(Brief descriptive captions)
☆ ☆ ☆ ☆ ☆

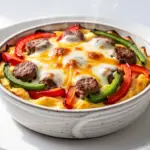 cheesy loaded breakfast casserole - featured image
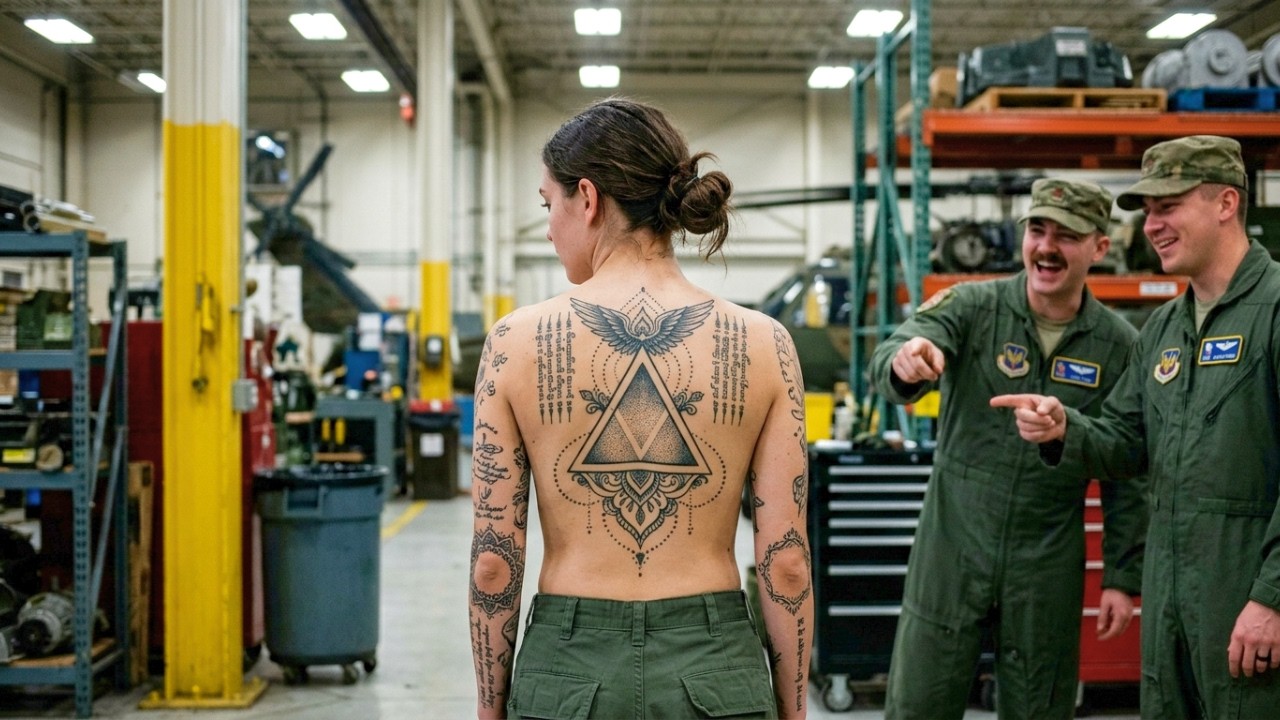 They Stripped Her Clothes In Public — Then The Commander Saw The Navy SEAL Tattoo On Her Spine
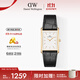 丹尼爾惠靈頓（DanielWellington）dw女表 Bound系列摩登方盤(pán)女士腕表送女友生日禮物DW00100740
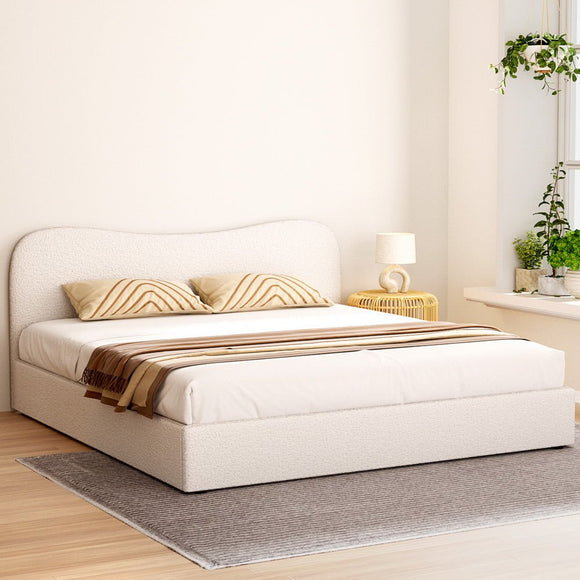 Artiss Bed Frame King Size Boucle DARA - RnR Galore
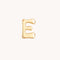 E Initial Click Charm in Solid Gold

☆ ☆ ☆ ☆ ☆

**REQUIREMENT:** Leaving every picture out, return the lines from the one containing "They Stripped Her" through the last line of the records exactly.

**ANSWER FOR THE TASK:**
 They Stripped Her Clothes In Public — Then The Commander Saw The Navy SEAL Tattoo On Her Spine
 丹尼爾惠靈頓（DanielWellington）dw女表 Bound系列摩登方盤(pán)女士腕表送女友生日禮物DW00100740
 Artiss Bed Frame King Size Boucle DARA - RnR Galore
 E Initial Click Charm in Solid Gold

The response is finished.